The present invention is made based on the discovery and recognition by the inventors of the following facts and problems:

in the related art, the water vapor generated by the thermal seawater desalination needs to be firstly released and condensed, and the condensed seawater and fresh water is then conveyed into a heat supply network heater and is heated again to be industrial gas which meets the industrial gas load. In the above process, the heat-releasing condensation process causes loss and waste of heat energy, thereby causing a problem of low heat energy utilization rate.

The present invention aims at solving at least one of the technical problems in the related art to a certain extent.

Therefore, the embodiment of the utility model provides a nuclear energy industry air supply system is proposed, this nuclear energy industry air supply system's heat utilization rate is high, has avoided the loss and the waste of heat energy.

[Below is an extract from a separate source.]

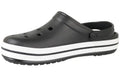 Klapki, unisex, czarne, Crocs Crockband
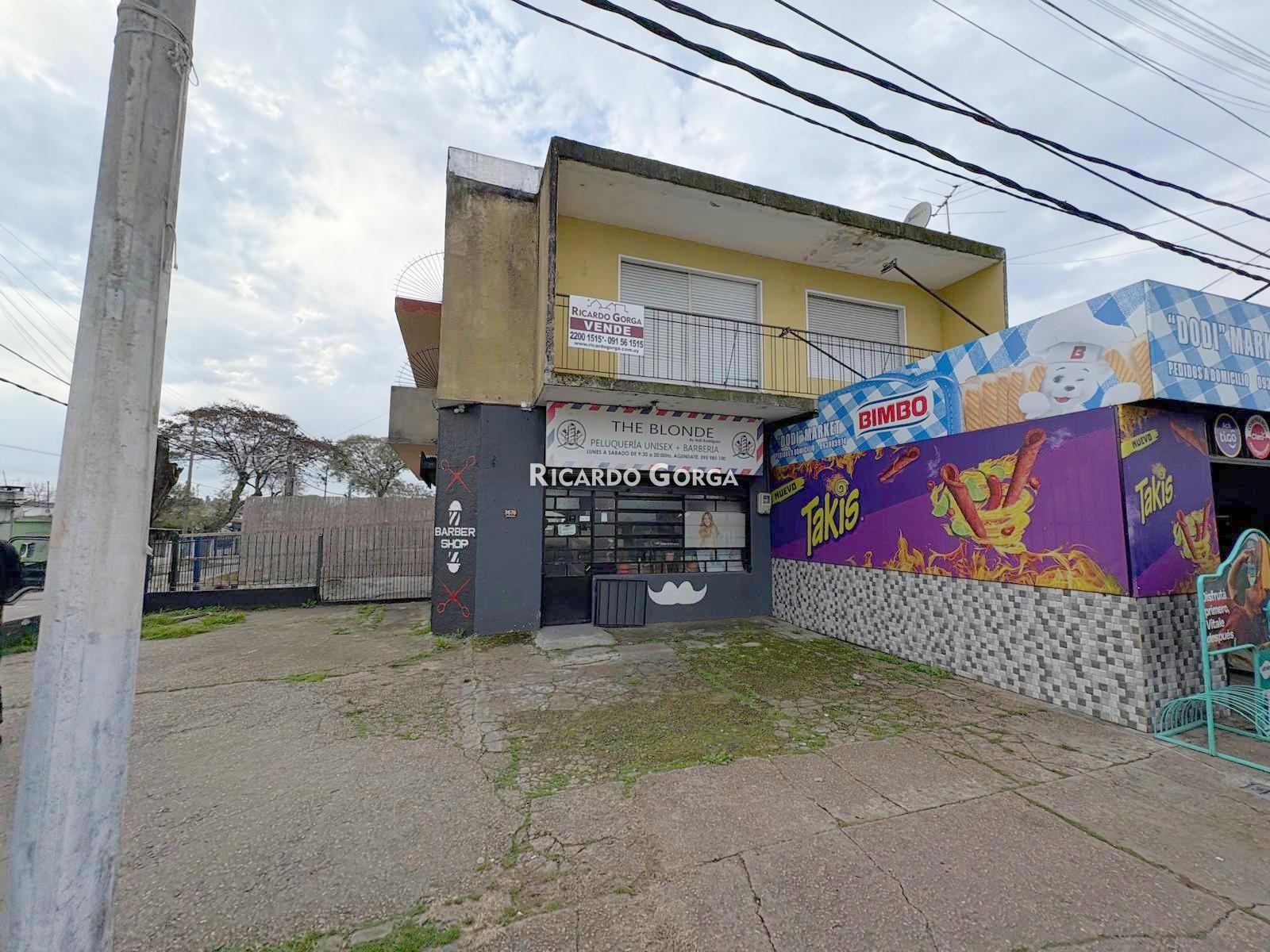 PH de altos en venta 2 dormitorios para vivir o inversión sobre Corrales-Maroñas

The utility model discloses nuclear energy industry gas supply system includes: a nuclear power plant adapted to produce nuclear steam; the seawater desalination device is connected with the nuclear energy device through the first pipeline, the first pipeline is suitable for providing the nuclear steam for the seawater desalination device, and the seawater desalination system is suitable for desalinating seawater by utilizing the heat energy of the nuclear steam to generate first steam; the second pipeline is connected between the seawater desalination device and the heat exchanger, the second pipeline is suitable for conveying the first steam to the heat exchanger, the third pipeline is connected between the nuclear energy device and the heat exchanger, the third pipeline is suitable for conveying the nuclear steam to the heat exchanger, and the heat exchanger is suitable for heating the first steam into second steam by utilizing the heat energy of the nuclear steam.

The utility model discloses nuclear industry gas supply system's heat utilization rate is high, has avoided the loss and the waste of heat energy.

In some embodiments, the nuclear power plant includes a steam main, and the first and second conduits are each in communication with the steam main.

In some embodiments, the nuclear power plant includes a high pressure cylinder in communication with the steam main.

In some embodiments, the nuclear power plant includes a low pressure cylinder and a fourth conduit, the low pressure cylinder being in communication with the steam main through the fourth conduit, and the low pressure cylinder being located downstream of the high pressure cylinder.

In some embodiments, the nuclear power plant includes an electric generator drivingly connected to the low pressure cylinder.

In some embodiments, the nuclear power plant includes a moisture separator reheater, the moisture separator reheater being provided in the fourth pipeline.

In some embodiments, the high pressure cylinder has a first outlet and a second outlet, both of which are connected to the steam header.

In some embodiments, the seawater desalination plant is a distillation seawater desalination plant or a flash seawater desalination plant.

In some embodiments, a first circuit is included, the first circuit being coupled between the seawater desalination plant and the nuclear power plant, the first circuit being adapted to discharge the nuclear steam within the seawater desalination plant back to the nuclear power plant, the second circuit being coupled between the heat exchanger and the nuclear power plant, the second circuit being adapted to discharge the nuclear steam within the heat exchanger back to the nuclear power plant.

In some embodiments, a discharge line is included, the discharge line being connected to the heat exchanger, the discharge line being adapted to discharge the second vapor within the heat exchanger.

Drawings

Fig. 1 is a schematic structural diagram of a nuclear industrial gas supply system according to an embodiment of the present invention.

Reference numerals:

a seawater desalination plant 1;

a nuclear power plant 2; a steam header 21; a high pressure cylinder 22; a first outlet 221; a second outlet 222; a low pressure cylinder 23; a generator 24; a fourth line 25; a moisture separator reheater 26;

a heat exchanger 3;

a first pipeline 4;

a third pipeline 5;

a second pipeline 6;

and a discharge line 7.

Detailed Description

Reference will now be made in detail to embodiments of the present invention, examples of which are illustrated in the accompanying drawings. The embodiments described below with reference to the drawings are exemplary and intended to be used for explaining the present invention, and should not be construed as limiting the present invention.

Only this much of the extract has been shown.